[Records excerpted from a collection]

*** Begin section ***

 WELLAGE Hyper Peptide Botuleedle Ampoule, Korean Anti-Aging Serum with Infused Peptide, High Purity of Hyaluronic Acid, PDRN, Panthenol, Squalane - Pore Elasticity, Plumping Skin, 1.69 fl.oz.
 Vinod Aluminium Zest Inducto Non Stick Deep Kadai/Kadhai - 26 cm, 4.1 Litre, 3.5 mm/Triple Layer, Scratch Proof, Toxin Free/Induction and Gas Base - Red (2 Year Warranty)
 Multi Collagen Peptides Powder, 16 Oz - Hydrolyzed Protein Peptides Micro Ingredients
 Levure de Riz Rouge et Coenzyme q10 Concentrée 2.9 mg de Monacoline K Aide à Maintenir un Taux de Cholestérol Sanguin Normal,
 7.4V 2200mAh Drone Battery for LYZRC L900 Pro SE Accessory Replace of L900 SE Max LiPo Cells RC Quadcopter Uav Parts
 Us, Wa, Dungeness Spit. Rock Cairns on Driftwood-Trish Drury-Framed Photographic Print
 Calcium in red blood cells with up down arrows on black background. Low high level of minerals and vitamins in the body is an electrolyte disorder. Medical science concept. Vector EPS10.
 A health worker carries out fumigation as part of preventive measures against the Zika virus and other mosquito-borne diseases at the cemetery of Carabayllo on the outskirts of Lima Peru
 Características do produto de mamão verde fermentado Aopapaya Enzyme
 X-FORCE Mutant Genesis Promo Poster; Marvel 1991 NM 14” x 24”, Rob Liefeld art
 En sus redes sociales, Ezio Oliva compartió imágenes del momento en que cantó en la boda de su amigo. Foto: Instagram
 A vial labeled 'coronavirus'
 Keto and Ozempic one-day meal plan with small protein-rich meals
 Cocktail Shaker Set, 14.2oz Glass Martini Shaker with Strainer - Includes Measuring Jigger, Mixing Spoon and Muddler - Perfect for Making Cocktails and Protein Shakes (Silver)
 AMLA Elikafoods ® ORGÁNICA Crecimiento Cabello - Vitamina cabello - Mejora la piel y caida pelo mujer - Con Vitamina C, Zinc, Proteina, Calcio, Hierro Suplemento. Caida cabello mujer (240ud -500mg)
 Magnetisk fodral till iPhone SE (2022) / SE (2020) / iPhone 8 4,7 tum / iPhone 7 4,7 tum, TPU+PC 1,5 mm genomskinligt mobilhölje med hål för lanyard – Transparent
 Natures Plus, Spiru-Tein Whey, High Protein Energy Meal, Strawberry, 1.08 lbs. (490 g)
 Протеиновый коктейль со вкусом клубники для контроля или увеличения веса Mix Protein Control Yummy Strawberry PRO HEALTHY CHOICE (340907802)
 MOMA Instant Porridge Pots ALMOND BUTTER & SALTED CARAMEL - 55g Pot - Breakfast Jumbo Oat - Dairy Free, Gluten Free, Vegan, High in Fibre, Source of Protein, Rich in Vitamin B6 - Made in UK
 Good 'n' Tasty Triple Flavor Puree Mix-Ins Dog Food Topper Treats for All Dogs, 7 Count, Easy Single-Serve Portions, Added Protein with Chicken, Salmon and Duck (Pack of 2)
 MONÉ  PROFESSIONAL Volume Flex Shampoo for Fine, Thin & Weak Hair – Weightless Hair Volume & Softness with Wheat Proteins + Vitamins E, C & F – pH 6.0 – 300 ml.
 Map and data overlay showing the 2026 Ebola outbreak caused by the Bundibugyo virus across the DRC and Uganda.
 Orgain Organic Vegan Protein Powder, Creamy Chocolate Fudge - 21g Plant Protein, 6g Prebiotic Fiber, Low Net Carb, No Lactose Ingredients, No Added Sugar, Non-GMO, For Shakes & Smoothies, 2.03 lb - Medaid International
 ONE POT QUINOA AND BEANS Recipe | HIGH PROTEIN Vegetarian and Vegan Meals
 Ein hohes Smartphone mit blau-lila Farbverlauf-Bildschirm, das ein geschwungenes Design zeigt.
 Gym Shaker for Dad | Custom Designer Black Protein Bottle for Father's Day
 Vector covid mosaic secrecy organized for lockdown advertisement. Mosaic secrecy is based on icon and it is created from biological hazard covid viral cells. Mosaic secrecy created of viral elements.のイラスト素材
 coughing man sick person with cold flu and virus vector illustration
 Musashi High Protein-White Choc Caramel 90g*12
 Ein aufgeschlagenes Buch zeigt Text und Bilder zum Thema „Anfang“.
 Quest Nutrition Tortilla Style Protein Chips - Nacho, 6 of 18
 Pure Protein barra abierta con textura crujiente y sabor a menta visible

*** End section ***

Repeat exactly the lines above from the one with "6.0 – 300 ml." up to and including the one with "Map and data". No other line belongs in the reply.

 MONÉ  PROFESSIONAL Volume Flex Shampoo for Fine, Thin & Weak Hair – Weightless Hair Volume & Softness with Wheat Proteins + Vitamins E, C & F – pH 6.0 – 300 ml.
 Map and data overlay showing the 2026 Ebola outbreak caused by the Bundibugyo virus across the DRC and Uganda.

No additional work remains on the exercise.